Monday, September 11, 2017

Get Off the Porch

September 10, 2017
Palms Westminster Presbyterian Church


Matthew 18.15-20

Good Morning Palms Westminster … and what a morning it is … all of us watching Irma … and earlier Harvey … people in harms way … some of us have friends and family at risk, and for them se pray.

Yet, for us here, in this moment, 
it’s a good morning .. because we’re here.

We have a chance, 
all over again, 
to practice the Great Commandment, 
to love God with all that we are, 
and to love one another dearly and deeply.

And practice it is …

Think of a pianist, practicing a piece of music over and over and over again … pencil in hand, making notes … trying this expression and that … to make the music her music … the intent of the composer, her intent … until she’s satisfied with it … 

But that’s not the end of it … the purpose of all that practice, all that sweat, blood and tears … it’s the concert on the weekend … when hundreds, maybe even thousands, show up … to hear great music offered by the pianist …
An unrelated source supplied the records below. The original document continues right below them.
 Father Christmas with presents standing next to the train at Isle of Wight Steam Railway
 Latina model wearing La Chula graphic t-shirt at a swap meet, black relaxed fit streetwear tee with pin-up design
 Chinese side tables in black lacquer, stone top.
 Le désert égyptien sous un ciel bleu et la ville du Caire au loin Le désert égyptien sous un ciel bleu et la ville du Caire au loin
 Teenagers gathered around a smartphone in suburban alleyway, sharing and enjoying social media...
The practice is utterly important, but the real test of what’s practiced is the audience who hears it … 

Or in our case, what the world sees of us tomorrow morning.

Jesus said it, and said it clearly:
Let your light shine before others, so that they may see your good works and give glory to your Father in heaven.

What we do here this morning is practice … out there, it’s the concert …

They’ll know we are Christians by our love, by our love.
Yes, they’ll know we’re Christians by our love.

Our text this morning is all about practicing … practicing the ways of love.

Jesus addresses the hard question: what happens when the church fails to love God and fails to love one another?

What happens when another member of the church sins against you.

Who’s the you?

These words directed to the disciples … to the leaders of the church …

And what’s the sin?
The failure to love.

It’s to the leaders that Jesus speaks …
A method of care and kindness … 
go to that person … 
talk about it.
Explore the gospel together.
What does faith in Jesus Christ mean?

If that conversation doesn’t prove helpful, then have another one, but with one or two additional leaders, so that the conversation can be carefully noted … 

The purpose of the meeting is to heal … 
to help someone better understand the purpose of the church;
the meaning of faith.

If that person refuses to listen, then tell it to the church … if the member still refuses to listen … 

Treat them as a Gentile and a tax collector, says Jesus.

That sounds bad doesn’t it?
But it’s not bad; it’s good!

First off, let’s ask: How does Jesus treat Gentiles and tax collectors?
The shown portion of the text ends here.